How do you select reference genes for qPCR?

The best way of selecting the most appropriate control gene for a relative qPCR experiment is to select some candidate genes and determine their expression levels across the range of experimental conditions and treatments. The genes most stably expressed across these conditions will be the most appropriate controls.

What is reference gene in qPCR?

The identification of gold-standard reference genes is crucial to produce reliable qPCR results. The expression of reference genes is used to correct the fluctuations in the target gene expression levels caused by technical variations in the quantity of total RNA or in the cDNA synthesis.

How many reference genes are needed for qPCR?

Finally, the MIQE guidelines suggest the use of at least two reference genes and to test whether more than two are necessary42. Considering our results, in all the three models tested in our study, at least two reference genes are enough for a strong and reliable normalisation in RT-qPCR experiments.

What are good housekeeping genes for qPCR?

Most stable genes were Atp5f1, Pgk1 and Gapdh, while the least stable genes were Rps18, Hprt, Tbp and Actb. The results were validated by a proof-of-point qPCR experiment with pluripotent markers Nanog, Rex1 and Oct4 normalized to the best and the worst reference gene identified by the analyses.

How do you Analyse qPCR results with multiple reference genes?

How to use the equation

1. Calculate primer efficiencies.
2. Select a calibrator sample to determine delta Ct (∆Ct)
3. Calculate delta Ct (∆Ct) values.
4. Calculate relative quantity (RQ) values.
5. Calculate the geometric mean of the reference genes RQ values.
6. Calculate relative gene expression values.

What are the main criteria for selecting a reference gene?

A reference gene is a gene whose expression is stable in all studied conditions. It would ideally have exactly the same expression level in all samples, with only measurement noise added.

What is a good reference gene?

For a gene to be regarded as a reliable reference it must meet several important criteria (Chervoneva et al. 2010). The most important is its expression level unaffected by experimental factors. Also, it should show minimal variability in its expression between tissues and physiological states of the organism.

What is the difference between PCR and qPCR?

The conventional PCR can only amplify the DNA up to 2000 nucleotides precisely while the rtPCR or qPCR can amplify DNA as well as quantify the amount of DNA as well. Quantification of nucleic acid measures how much DNA templates are present in the sample.

How does qPCR measure gene expression?

If you are measuring gene expression, qPCR will tell you how much of a specific mRNA there is in your samples. You amplify a small region of this mRNA with oligos and a fluorescent probe (if working with Taqman). The qPCR machine measures the intensity of fluorescence emitted by the probe at each cycle.

Is GAPDH a good housekeeping gene?

Glyceraldehyde 3-phosphate dehydrogenase (GAPDH) is a well-known housekeeping gene with functions in glycolysis. Many biologists are familiar with the gene and use GAPDH antibodies for a loading control when performing western blots.

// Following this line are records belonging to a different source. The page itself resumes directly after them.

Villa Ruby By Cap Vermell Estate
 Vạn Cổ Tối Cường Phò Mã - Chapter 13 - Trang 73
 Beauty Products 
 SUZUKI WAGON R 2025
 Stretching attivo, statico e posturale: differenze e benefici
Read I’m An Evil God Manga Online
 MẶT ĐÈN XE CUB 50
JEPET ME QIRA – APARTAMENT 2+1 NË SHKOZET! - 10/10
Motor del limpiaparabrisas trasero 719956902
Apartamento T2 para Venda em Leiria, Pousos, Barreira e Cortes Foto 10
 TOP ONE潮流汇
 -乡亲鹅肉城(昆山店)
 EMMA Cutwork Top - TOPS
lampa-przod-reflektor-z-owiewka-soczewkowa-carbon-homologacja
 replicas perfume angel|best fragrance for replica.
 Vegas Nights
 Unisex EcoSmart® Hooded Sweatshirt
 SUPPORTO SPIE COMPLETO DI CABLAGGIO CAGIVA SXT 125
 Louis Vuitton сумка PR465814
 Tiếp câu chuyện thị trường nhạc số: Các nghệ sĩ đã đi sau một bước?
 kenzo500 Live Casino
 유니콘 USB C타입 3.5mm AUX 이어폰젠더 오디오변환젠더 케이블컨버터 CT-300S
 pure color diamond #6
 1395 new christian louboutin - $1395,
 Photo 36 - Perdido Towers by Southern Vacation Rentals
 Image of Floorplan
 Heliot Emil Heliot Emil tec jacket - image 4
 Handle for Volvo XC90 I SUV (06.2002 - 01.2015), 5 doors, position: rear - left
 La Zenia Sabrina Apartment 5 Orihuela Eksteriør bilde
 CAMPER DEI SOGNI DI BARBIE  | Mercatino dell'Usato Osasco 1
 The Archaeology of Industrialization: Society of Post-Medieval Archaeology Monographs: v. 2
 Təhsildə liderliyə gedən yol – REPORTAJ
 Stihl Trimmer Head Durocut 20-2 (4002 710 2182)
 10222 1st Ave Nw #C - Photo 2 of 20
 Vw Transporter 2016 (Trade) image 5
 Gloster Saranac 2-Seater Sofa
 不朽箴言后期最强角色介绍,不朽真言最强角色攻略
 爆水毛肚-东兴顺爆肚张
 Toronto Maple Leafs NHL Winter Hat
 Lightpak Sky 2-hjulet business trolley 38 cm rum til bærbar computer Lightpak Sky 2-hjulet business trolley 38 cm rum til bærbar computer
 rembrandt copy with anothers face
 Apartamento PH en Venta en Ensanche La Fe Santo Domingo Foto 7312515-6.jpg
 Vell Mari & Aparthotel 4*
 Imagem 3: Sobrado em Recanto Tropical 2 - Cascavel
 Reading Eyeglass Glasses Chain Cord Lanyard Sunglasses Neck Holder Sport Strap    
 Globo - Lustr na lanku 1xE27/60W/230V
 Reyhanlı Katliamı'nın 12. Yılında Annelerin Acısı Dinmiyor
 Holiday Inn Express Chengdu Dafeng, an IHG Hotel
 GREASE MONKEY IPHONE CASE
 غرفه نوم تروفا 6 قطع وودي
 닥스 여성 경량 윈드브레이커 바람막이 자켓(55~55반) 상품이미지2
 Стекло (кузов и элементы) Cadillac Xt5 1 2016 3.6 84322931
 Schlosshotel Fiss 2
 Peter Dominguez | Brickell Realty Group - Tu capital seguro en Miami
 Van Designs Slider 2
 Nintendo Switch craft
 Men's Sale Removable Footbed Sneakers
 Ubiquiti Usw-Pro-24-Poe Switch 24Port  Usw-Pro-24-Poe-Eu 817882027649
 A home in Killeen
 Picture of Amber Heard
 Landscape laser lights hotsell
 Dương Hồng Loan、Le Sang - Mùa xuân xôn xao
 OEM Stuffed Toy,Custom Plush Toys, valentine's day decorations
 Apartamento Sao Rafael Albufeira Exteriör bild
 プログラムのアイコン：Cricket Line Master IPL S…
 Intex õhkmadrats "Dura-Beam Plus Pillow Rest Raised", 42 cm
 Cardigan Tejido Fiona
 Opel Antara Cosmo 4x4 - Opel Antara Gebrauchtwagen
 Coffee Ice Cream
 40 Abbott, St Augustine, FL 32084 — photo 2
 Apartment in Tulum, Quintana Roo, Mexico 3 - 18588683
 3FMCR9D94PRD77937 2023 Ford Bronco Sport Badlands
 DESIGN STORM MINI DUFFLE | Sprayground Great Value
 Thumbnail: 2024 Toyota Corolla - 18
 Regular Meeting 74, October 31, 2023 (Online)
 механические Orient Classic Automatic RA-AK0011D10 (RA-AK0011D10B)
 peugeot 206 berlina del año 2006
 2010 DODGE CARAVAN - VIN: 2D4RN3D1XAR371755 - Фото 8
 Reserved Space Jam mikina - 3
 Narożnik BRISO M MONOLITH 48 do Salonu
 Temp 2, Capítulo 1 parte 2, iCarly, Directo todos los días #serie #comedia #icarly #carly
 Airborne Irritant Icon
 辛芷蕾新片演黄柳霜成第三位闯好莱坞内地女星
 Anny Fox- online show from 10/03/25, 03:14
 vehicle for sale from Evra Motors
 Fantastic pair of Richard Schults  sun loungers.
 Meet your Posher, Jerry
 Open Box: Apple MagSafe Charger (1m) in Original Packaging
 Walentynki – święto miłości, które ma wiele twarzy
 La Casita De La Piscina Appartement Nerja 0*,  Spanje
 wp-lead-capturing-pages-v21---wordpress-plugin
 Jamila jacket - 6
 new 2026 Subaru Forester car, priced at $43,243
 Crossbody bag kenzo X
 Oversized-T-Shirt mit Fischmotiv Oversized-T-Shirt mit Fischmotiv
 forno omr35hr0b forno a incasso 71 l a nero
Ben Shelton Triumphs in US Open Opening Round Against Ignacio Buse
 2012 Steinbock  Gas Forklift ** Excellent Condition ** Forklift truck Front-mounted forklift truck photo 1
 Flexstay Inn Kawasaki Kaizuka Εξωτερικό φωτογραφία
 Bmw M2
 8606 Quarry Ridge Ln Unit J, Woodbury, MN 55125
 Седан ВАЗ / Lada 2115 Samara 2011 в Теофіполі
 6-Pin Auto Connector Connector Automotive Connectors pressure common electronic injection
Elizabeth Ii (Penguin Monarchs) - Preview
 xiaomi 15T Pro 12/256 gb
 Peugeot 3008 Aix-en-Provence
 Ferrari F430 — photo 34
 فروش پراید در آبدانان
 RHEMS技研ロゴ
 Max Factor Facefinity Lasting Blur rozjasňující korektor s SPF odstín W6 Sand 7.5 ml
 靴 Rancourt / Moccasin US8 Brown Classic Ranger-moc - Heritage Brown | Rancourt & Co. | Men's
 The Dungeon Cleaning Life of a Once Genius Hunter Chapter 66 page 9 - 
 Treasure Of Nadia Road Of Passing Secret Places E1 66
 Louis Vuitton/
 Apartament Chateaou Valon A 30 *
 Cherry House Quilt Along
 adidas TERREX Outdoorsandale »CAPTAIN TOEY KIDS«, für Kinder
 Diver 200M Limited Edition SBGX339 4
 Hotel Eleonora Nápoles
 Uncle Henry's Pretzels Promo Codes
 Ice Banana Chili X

How are reference genes used in quantitative RT-PCR?

For this, quantitative RT-PCR (RT-qPCR) is a popular method that often involve the use of constitutively expressed endogenous reference (or ‘housekeeping’) gene for normalization of data. Thus, it is essential to use reference genes that have been verified to be stably expressed within the specific experimental setting.

Which is the best model for gene expression profiling?

In animal-based toxicological studies, the rat has become a tractable model and gene expression profiling is often performed. Studies also often include an array of different tissues, perhaps from various stages of development.

Which is the best method to select reference genes?

This approach using the comparative Ct (or 2−ΔCt) method (Schmittgen&Livak,2008) is sound, but rests on the assumption that transcript abundance of the reference gene is the same in all cells, under all conditions.